Pemuda kota itu mengangguk paham melihat mereka berebut jajanan. Ternyata gadis ini menukar makanan bagiannya dengan mereka.

"Kamu ... keturunan Batak?" tanyanya memulai wawancara.

Allsya hanya mengendikkan bahu, enggan untuk menjawab.

"Atau campuran antara Sunda dan Batak?"

Wajar si pemuda kota  bertanya seperti itu. Wajah manis Allsya khas orang Sunda berbanding terbalik dengan sikapnya.

"Bukankah itu tidak ada dalam pertanyaan wawancara?" Bukannya menjawab, Allsya malah balik bertanya.

"Hanya ingin tahu."

"Apakah itu penting untukmu tahu?"

"Kamu berbeda."

"Apa itu sebuah kesalahan?"

"Tidak. Tapi ...."

"Jadi wawancara atau tidak?" potong Allsya cepat.

"O–oh, oke-oke," ucap pemuda kota itu buru-buru. Tak disangka malah pertanyaannya dibalas pertanyaan. 

Melihat gaya bicaranya yang terlalu berani, tanpa rasa takut meski yang dihadapinya lebih tua dibanding dirinya. Mengagumkan!

Memang, terkesan arogan. Namun, bila diperhatikan secara cermat akan mengundang pertanyaan, ada apa dengannya? Dan benar saja seseorang telah melakukannya hingga tak segan menjadikannya bahan penelitian.

"Sebelumnya, namamu siapa, Dek?" Pemuda kota itu berusaha bertanya semanis mungkin.

"Allsya."

"Alsya ...?"

Tak mau lagi bersuara, segera saja Allsya merebut pulpen dan kertas dari tangan lelaki yang terus bawel bertanya, entah siapa namanya. Diisinya semua kolom pertanyaan yang telah disajikan dengan cepat. 

"Kenapa harus repot-repot ditanyai satu per satu? Tinggal bagikan saja kertasnya dan suruh isi masing-masing, kan cepat?" Pikir Allsya dalam hati.

Namun, Allsya melupakan satu hal, bahwa mereka--remaja yang sebaya dengannya sama sekali tak mengenal aksara.

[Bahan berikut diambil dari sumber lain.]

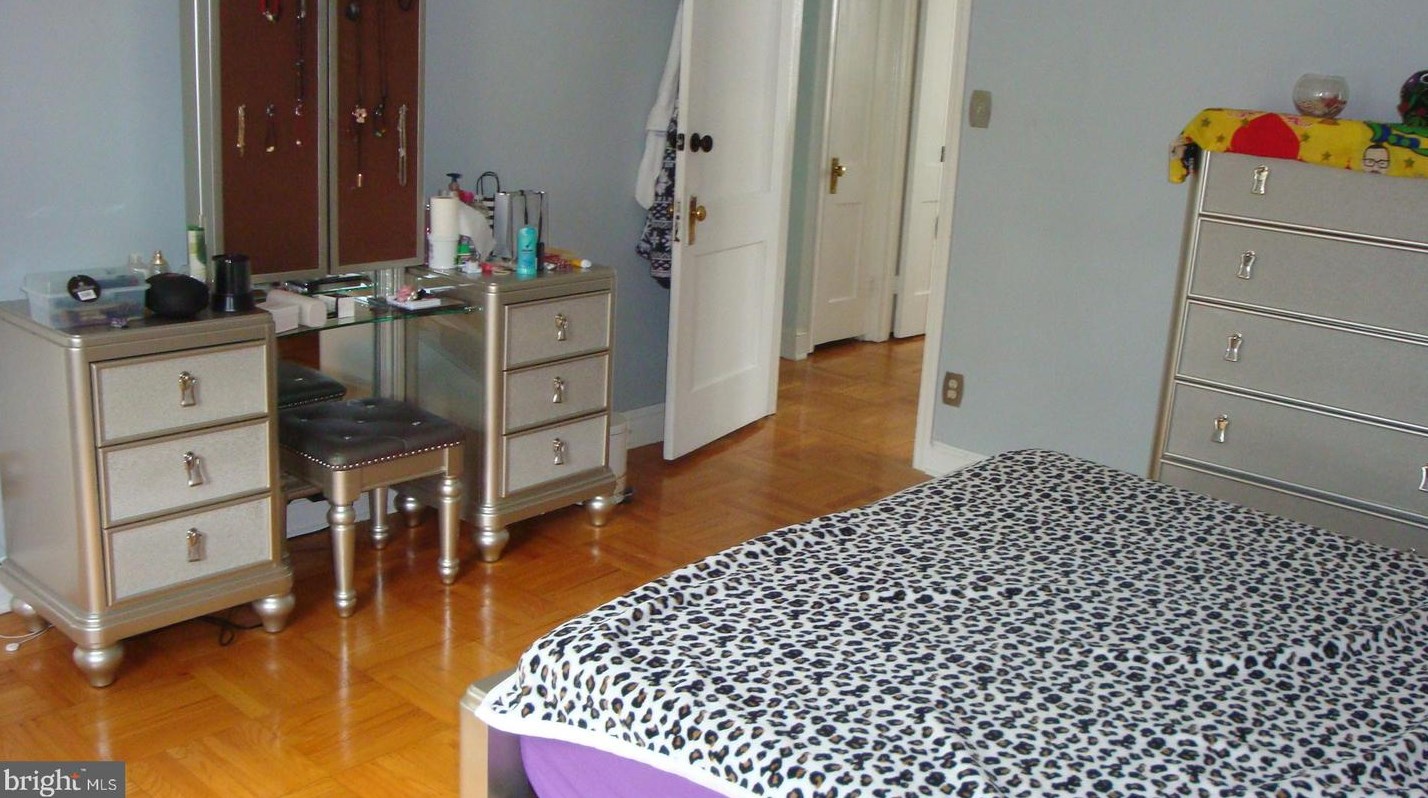 229 Cedar Ln, Upper Darby PA  19082-1321 exterior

"Sudah." Allsya menyerahkan kertas dan pulpen yang tadi direbutnya. Kemudian melenggang keluar. Tak dihiraukannya teriakan yang meminta untuk difoto terlebih dahulu sebagai dokumentasi.

Tugasnya telah selesai. Allsya datang sebagai sample penelitian para mahasiswa itu hanya karena merasa perlu menunjukan sesuatu.